Using <<<...>>>

I have several questions on the <<<…>>> format:

  1. Would something like <<<1,1024>>> be a good thing to say?
  2. How does CUDA handle GPUs of different numbers of cores?
  3. Please explain to me what thread blocks are, how to implement them, and why they are useful.
  1. No, you want both thread-level and block-level parallelism to fully utilize the GPU
  2. Blocks get serialized if there are more blocks than can run concurrently. So a kernel just takes longer to run on a GPU with fewer multiprocessors / cores.
  3. This question essentially boils down to explaining most of CUDA. The Programming Guide does a much better job at this than I ever could. It is essential reading for anyone interested in CUDA.

I’ve read through the beginning of the guide. Please correct me if I’m wrong:

  1. <<<1, 1024>>> would basically make the function run on one core 1024 times.
  2. <<<2048, 1>>> means if there were 2048 cores on the GPU, each would run the function once, but if there were only 256 cores, each core would run it 8 times.

Also, does each CUDA core execute a single thread, or does each core contain even smaller things inside that execute the threads?

Edit: Oops, clicked wrong button. Time to write an actual post. :)

Edit #2: Despite the unfortunate name “CUDA core”, you should not try to think of a CUDA core like a standard processor core. Think of them as fancy ALUs. CUDA cores do not have exclusive registers, or instruction decoders. Those resources are managed at the multiprocessor level.

As a result, a CUDA core does not “own” a thread in the same way that a CPU core “owns” a host thread until the operating system switches it out for another one at the next time slice. On a CUDA device, the cores switch between threads instruction-by-instruction in a coordinated fashion to execute whatever warps are available. There is no overhead in switching (since all the registers are outside the CUDA cores and allocated statically to each thread for the duration of execution), so the architecture encourages the use of far more threads than CUDA cores.

Given that, you should think of the scheduling as a two stage process. When you launch a kernel, you create a bunch of blocks (each containing a fixed number of threads) that are thrown into a bucket. As multiprocessor resources become available, blocks are sent to them for execution, where they will stay until completion. At the multiprocessor level, there is a bucket of available warps drawn from all the blocks currently running on that multiprocessor. The multiprocessor scheduler (or more than one scheduler, depending on hardware) repeatedly pulls out warps from the bucket, and sends them off to a group of CUDA cores (8 or 16, depending on compute capability) to execute the next instruction for the entire warp of 32 threads, before returning the warp back to the bucket. The CUDA cores are pipelined, so many warps are at various stages of executing an instruction in any given clock cycle.

In light of that, neither scenario #1 nor #2 are an accurate description of what is going on.

  1. mykernel<<<1, 1024>>> creates a single block with 1024 threads. That block will be assigned to a single multiprocessor, that will execute the 1024/32 = 32 warps in the block using all the available CUDA cores in that one multiprocessor. The rest of the GPU multiprocessors will be unused. On a GTX 580, for example, 15/16 of the GPU will be idle.

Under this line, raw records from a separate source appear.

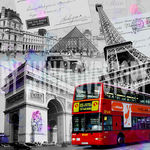 欧美风格装饰画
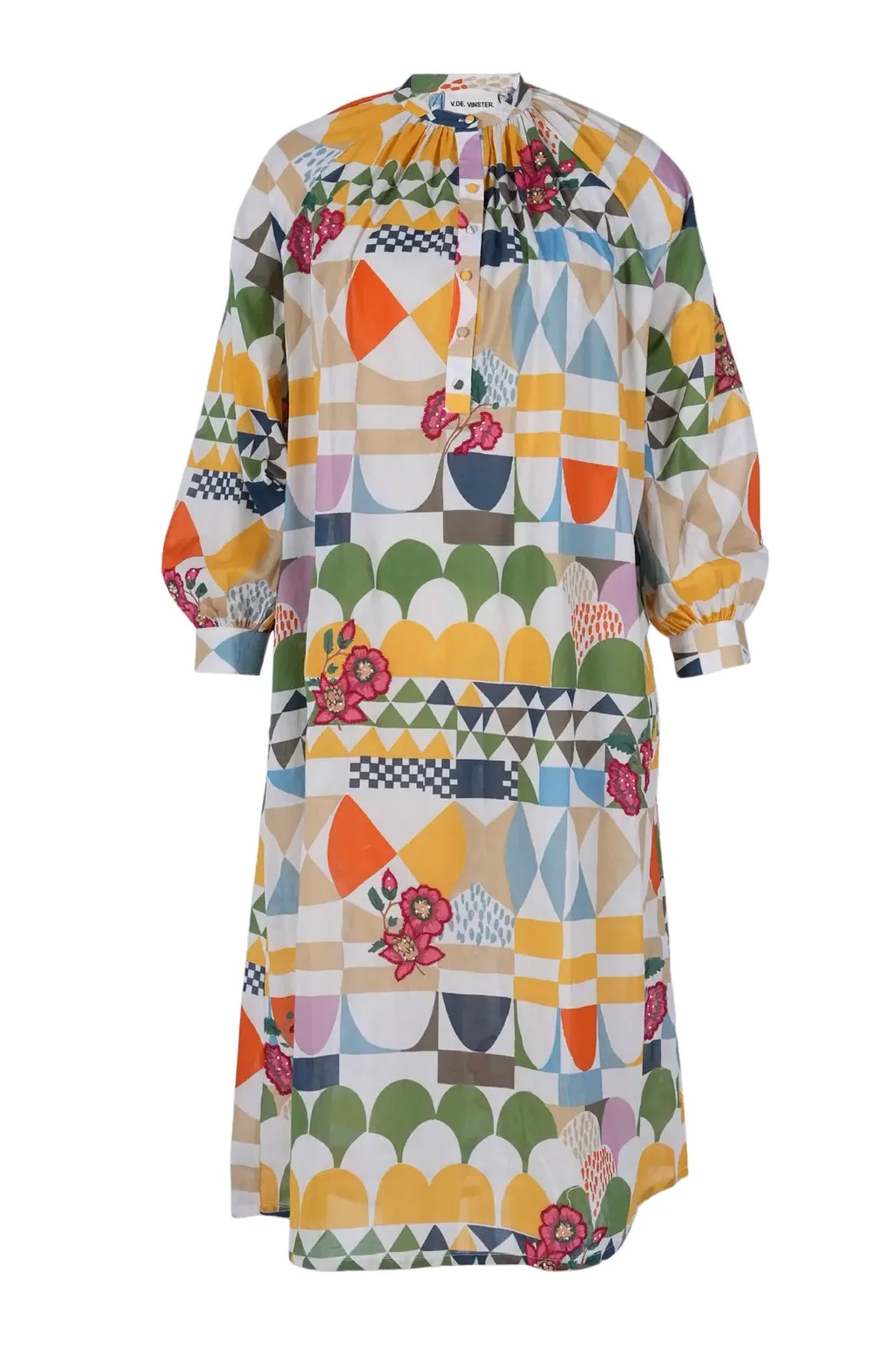 V. De. Vinster. Lakshmi Dress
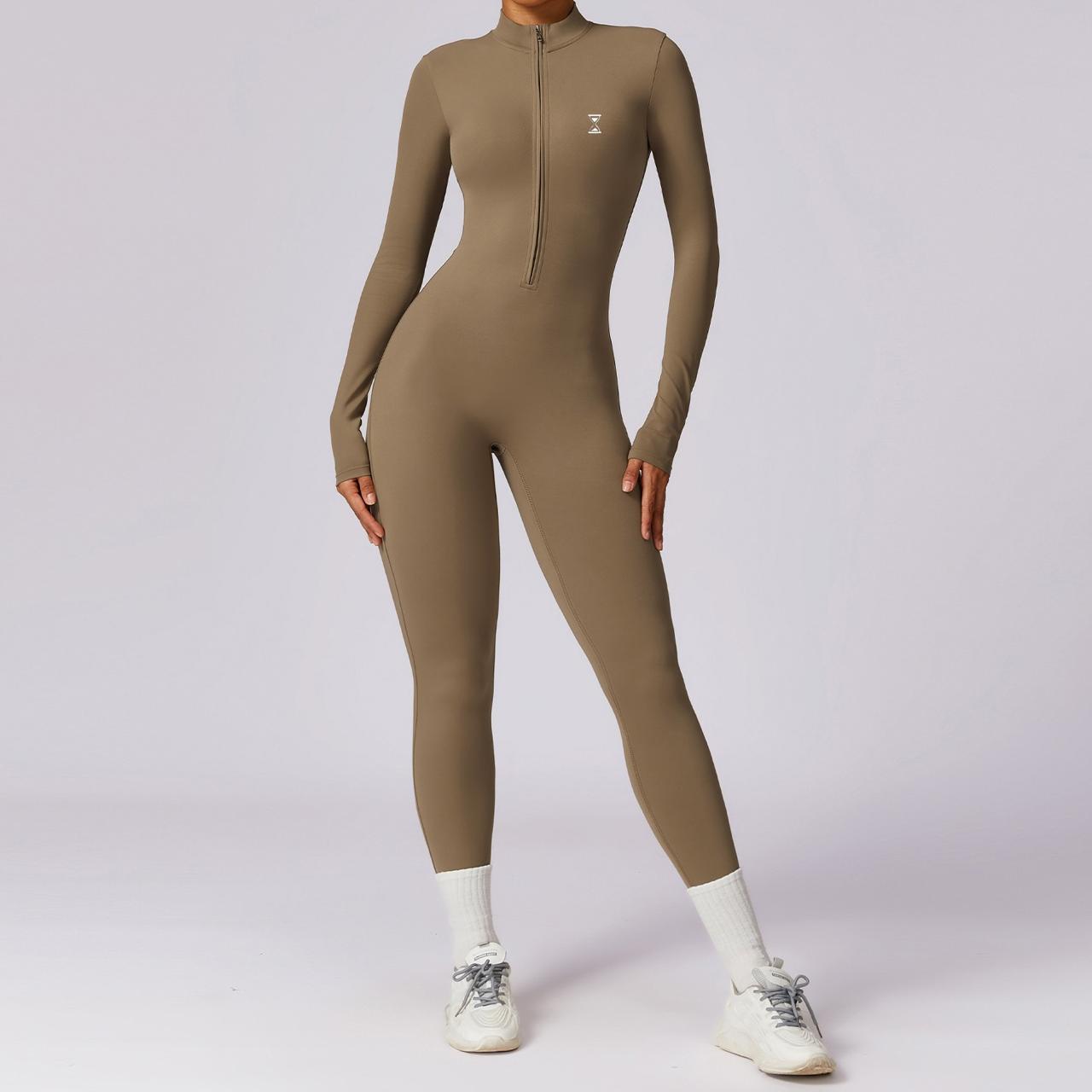 Long Sleeve Jumpsuit
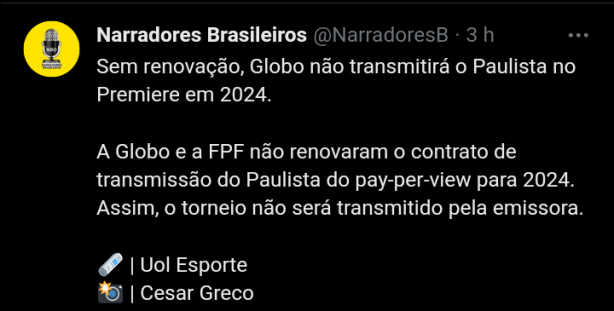 Chegou o momento que todos sonharam :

  2. mykernel<<<2048, 1>>> creates 2048 blocks with 1 thread each. Depending on the resource usage of each block, one or more blocks will be sent to each multiprocessor. In the most favorable situation, 8 blocks will be sent to each multiprocessor. Again, in the case of the GTX 580, that would mean that there would be 128 blocks sent out in the first wave, with the remaining blocks left unstarted until slots opened up on multiprocessors that finished a block.

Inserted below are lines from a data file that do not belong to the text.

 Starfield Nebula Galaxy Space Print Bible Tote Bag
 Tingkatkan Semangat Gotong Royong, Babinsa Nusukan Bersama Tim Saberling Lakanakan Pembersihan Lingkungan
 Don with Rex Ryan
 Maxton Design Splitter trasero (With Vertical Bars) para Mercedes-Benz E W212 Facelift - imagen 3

On each multiprocessor, the 1 thread per block would be scheduled as 1 warp with 31 empty slots. The warps would be sent to groups of 16 CUDA cores (in the case of Fermi-class GPUs, like the GTX 580), with CUDA cores sitting idle during clock cycles where they would normally be processing the other 31 threads in a full warp. So unlike situation #1, in situation #2 all multiprocessors will have something to do, but the CUDA cores within the multiprocessor will be doing nothing 31/32 of the time.

Oh, I now understand what tera was saying about thread-level and block-level parallelism. I now have another question: what benefits do two and three dimensional thread blocks bring?

They are just an organizational tool. Many data parallel problems naturally organize themselves on a 2D or 3D grid, so this way thread and block IDs can more naturally map to a multidimensional problem domain. You can do everything with 1D indexing and get the same speed.

Thanks so much for answering my questions! This has really helped my grasp how CUDA functions and how to program for it.